__What the task asks__
An exact copy of all the data is needed, with every picture left out.

__Data section__
++++

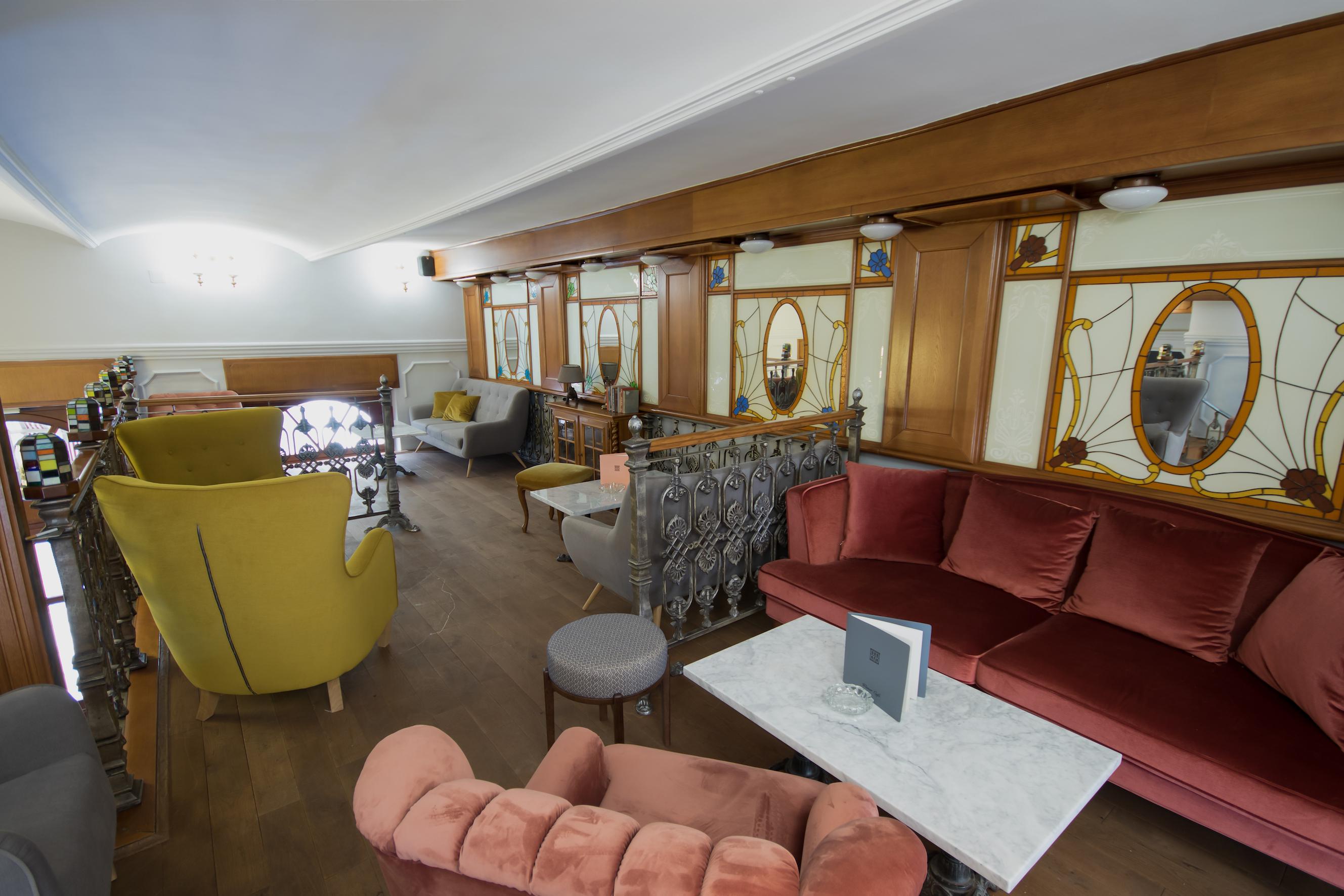 Hotel Ovo Malo Duse Сараево Екстериор снимка
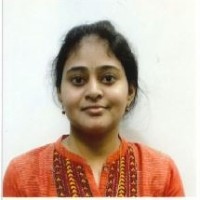 Unemployment Tracker Employee Greeshma Bodipudi's profile photo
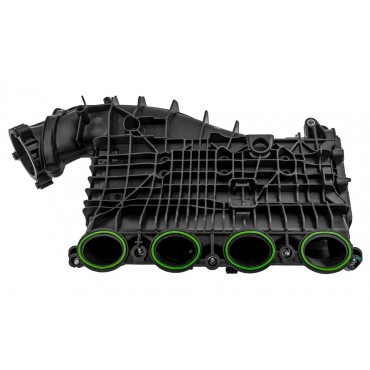 Collecteur d'Admission Pour Bmw Série 1 2 3 11618603914 72344186 FA360002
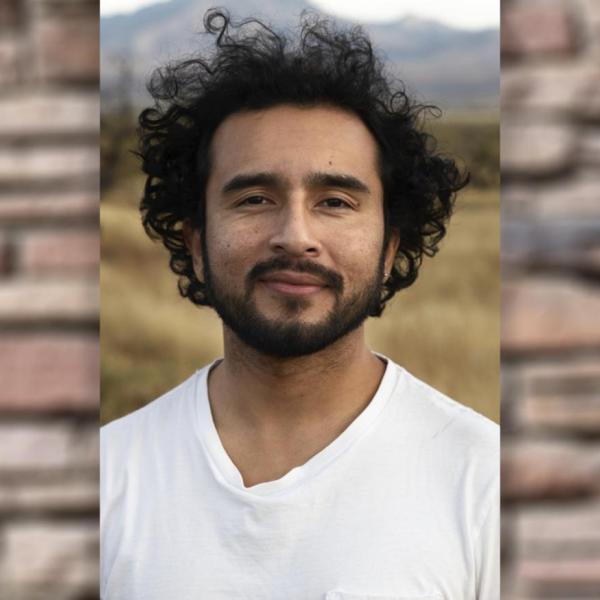 Javier Zamora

++++

__Exercise answer__
 Hotel Ovo Malo Duse Сараево Екстериор снимка
 Unemployment Tracker Employee Greeshma Bodipudi's profile photo
 Collecteur d'Admission Pour Bmw Série 1 2 3 11618603914 72344186 FA360002
 Javier Zamora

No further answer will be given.